* _Exercise details_
Return the entries that follow exactly, with no images.

----- Information provided

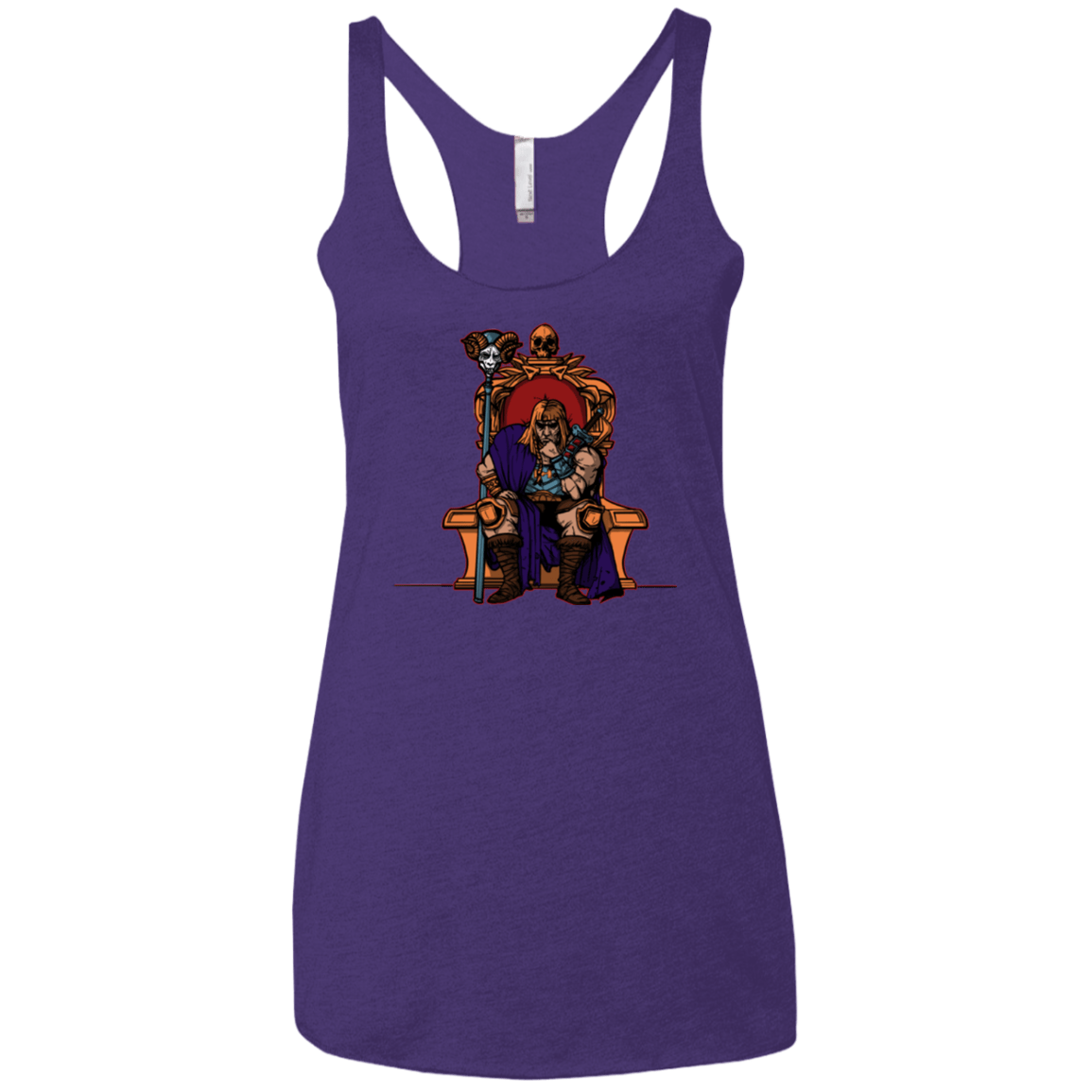 T-Shirts Purple Rush / X-Small King Of Eternia Women's Triblend Racerback Tank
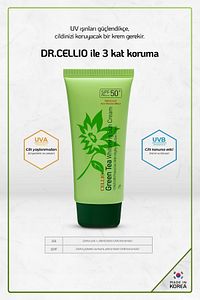 Green Tea Içeren Hassasiyet, Leke Ve Karşıtı Spf50 Yeşil Çay Özlü Kore Güneş Koruyucu Krem ürün fotoğrafı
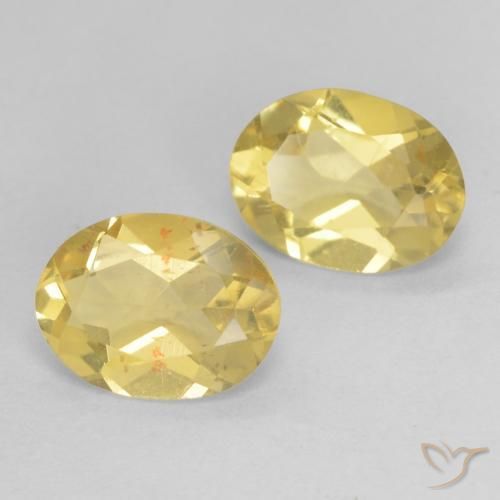 Pedras preciosas de Berilo Luz amarela natural de 2.04 ct, oval, VVS-VS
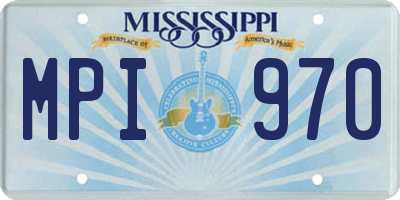 MS license plate MPI970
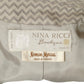 NINA RICCI - 1980s Silver Chevron Blazer, Size-10
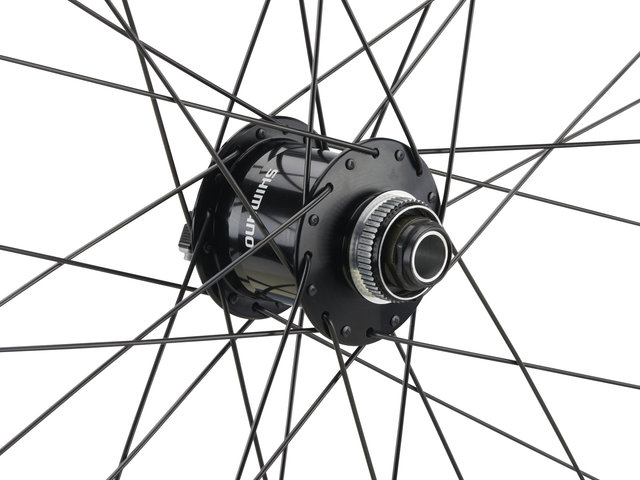 bc basic Urban Deore Center Lock Disc DT Swiss 533D 28" Wheelset - black | 28" Set (Front 15x100 Dynamo + Rear 12x142) Shimano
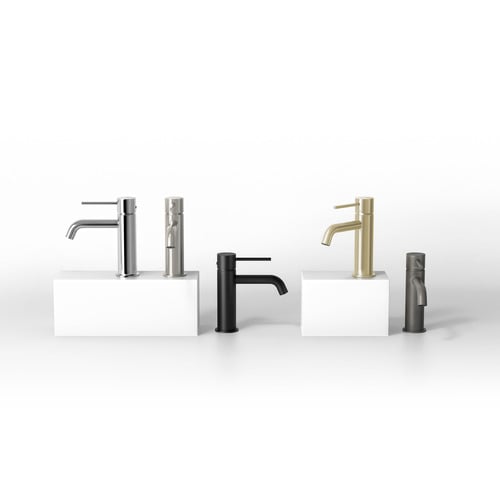 Vivid Slimline Curved Basin Mixer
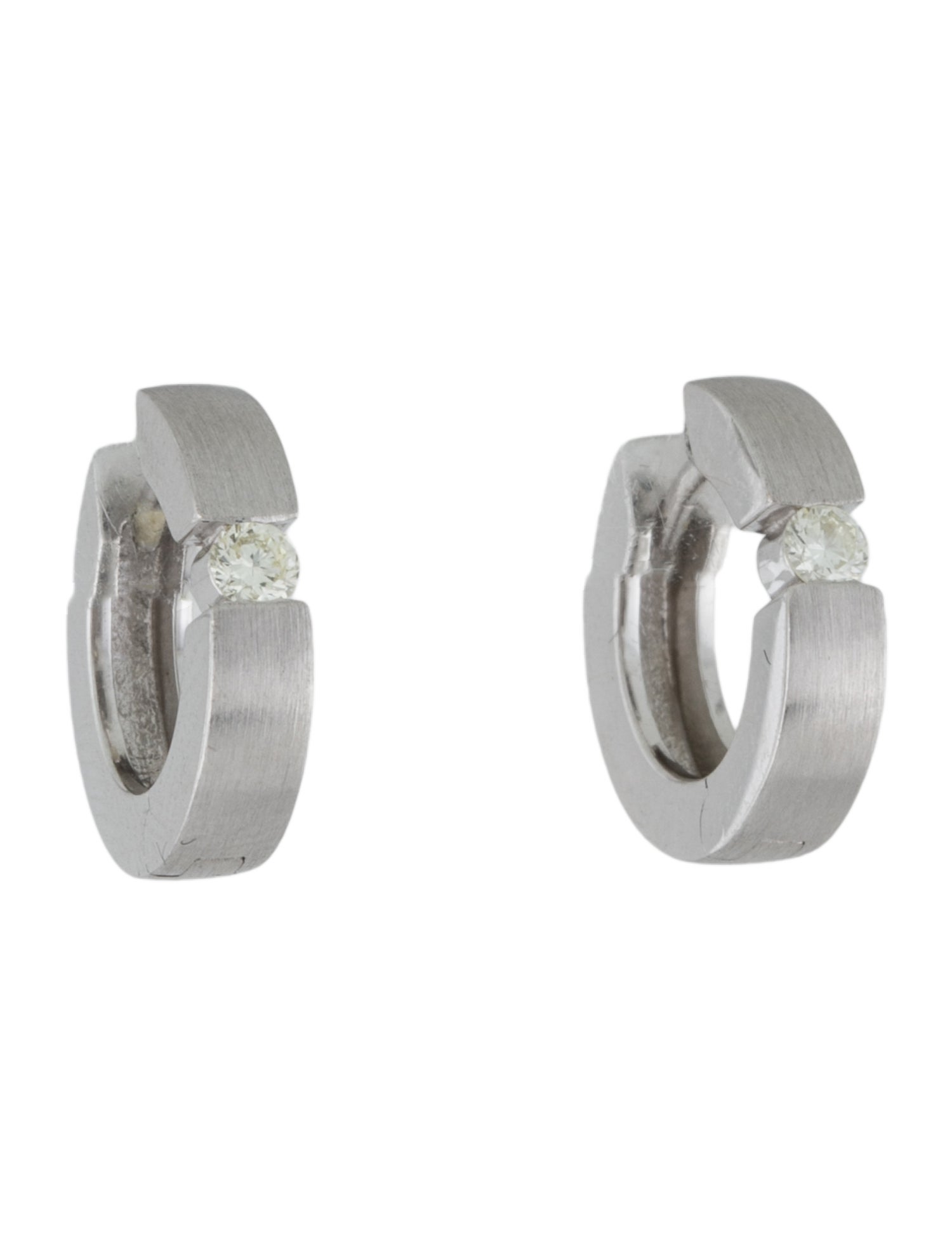 Earrings 18K Diamond Huggie Hoop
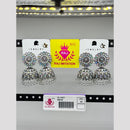 Raj Imitation Oxidised Plated  Austrian Stone And Pearl Jhumki Earrings 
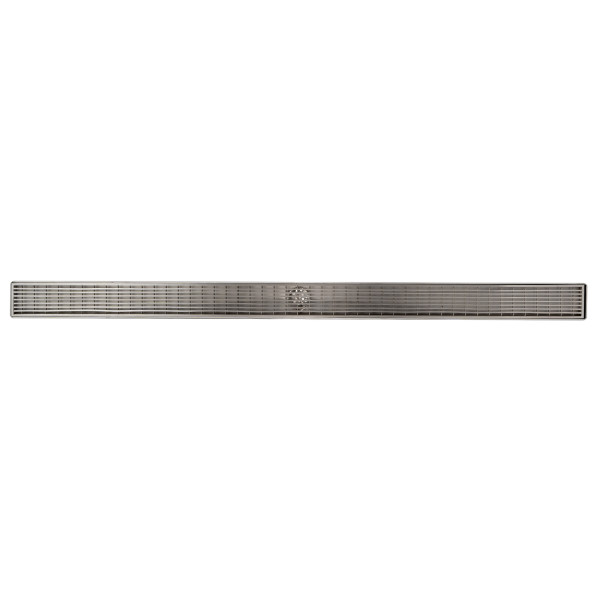 ALFI brand ABLD47D 47" Stainless Steel Linear Shower Drain with Groove Lines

----------

* _Response below_
 T-Shirts Purple Rush / X-Small King Of Eternia Women's Triblend Racerback Tank
 Green Tea Içeren Hassasiyet, Leke Ve Karşıtı Spf50 Yeşil Çay Özlü Kore Güneş Koruyucu Krem ürün fotoğrafı
 Pedras preciosas de Berilo Luz amarela natural de 2.04 ct, oval, VVS-VS
 MS license plate MPI970
 NINA RICCI - 1980s Silver Chevron Blazer, Size-10
 bc basic Urban Deore Center Lock Disc DT Swiss 533D 28" Wheelset - black | 28" Set (Front 15x100 Dynamo + Rear 12x142) Shimano
 Vivid Slimline Curved Basin Mixer
 Earrings 18K Diamond Huggie Hoop
 Raj Imitation Oxidised Plated  Austrian Stone And Pearl Jhumki Earrings 
 ALFI brand ABLD47D 47" Stainless Steel Linear Shower Drain with Groove Lines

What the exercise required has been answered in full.